Leonie Benesch, 30, ist der deutsche Star der internationalen Koproduktion "In 80 Tagen um die Welt". Jules Vernes klassischer Abenteuerstoff wurde als achtteilige Miniserie mit internationalem Cast in englischer Sprache gedreht. Nun ist die Serie innerhalb von drei Tagen beim ZDF - oder in der Mediathek - zu sehen. (Bild: ZDF / Tudor Cucu)
Leonie Benesch, 30, ist der deutsche Star der internationalen Koproduktion "In 80 Tagen um die Welt". Jules Vernes klassischer Abenteuerstoff wurde als achtteilige Miniserie mit internationalem Cast in englischer Sprache gedreht.
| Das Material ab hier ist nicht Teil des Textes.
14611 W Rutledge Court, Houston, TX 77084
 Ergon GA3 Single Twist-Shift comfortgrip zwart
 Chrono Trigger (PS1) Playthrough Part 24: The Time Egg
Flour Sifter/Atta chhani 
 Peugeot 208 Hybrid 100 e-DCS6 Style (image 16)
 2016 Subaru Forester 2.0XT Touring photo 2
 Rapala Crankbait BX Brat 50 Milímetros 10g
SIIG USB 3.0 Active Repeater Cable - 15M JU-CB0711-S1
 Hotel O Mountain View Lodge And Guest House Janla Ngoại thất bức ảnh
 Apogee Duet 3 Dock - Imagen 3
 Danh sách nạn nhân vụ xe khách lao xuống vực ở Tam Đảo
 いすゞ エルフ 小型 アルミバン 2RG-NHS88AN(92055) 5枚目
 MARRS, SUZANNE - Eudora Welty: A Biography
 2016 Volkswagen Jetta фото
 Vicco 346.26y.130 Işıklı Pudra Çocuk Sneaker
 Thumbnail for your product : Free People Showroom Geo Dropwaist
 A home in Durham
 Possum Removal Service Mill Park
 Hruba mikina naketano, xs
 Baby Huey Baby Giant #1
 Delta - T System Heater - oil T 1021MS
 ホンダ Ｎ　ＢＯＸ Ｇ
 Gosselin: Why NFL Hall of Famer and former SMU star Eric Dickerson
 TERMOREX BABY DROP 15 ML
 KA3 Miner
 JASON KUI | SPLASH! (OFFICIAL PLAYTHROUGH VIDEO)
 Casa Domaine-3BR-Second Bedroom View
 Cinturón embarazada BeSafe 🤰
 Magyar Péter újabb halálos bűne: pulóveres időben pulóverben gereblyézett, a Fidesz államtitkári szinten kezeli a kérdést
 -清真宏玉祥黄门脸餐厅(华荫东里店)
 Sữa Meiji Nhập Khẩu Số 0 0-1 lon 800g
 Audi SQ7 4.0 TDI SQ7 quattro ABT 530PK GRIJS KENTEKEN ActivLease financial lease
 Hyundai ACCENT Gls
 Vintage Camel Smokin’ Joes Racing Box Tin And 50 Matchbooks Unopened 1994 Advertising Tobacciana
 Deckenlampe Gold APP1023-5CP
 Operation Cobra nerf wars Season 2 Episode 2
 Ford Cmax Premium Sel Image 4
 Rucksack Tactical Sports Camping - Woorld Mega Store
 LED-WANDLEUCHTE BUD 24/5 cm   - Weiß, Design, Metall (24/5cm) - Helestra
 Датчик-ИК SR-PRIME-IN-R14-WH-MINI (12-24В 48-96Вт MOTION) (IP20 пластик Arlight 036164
Nun ist die Serie innerhalb von drei Tagen beim ZDF - oder in der Mediathek - zu sehen. (Bild: ZDF / Tudor Cucu)

Leonie Benesch ist eine der erfolgreichsten jungen deutschen Schauspielerinnen im internationalen Geschäft. Jetzt spielt die in London ausgebildete 30-Jährige in der international produzierten Neuauflage von Jules Vernes klassischem Abenteuerstoff "In 80 Tagen um die Welt" - der Weihnachts-Mehrteiler im ZDF.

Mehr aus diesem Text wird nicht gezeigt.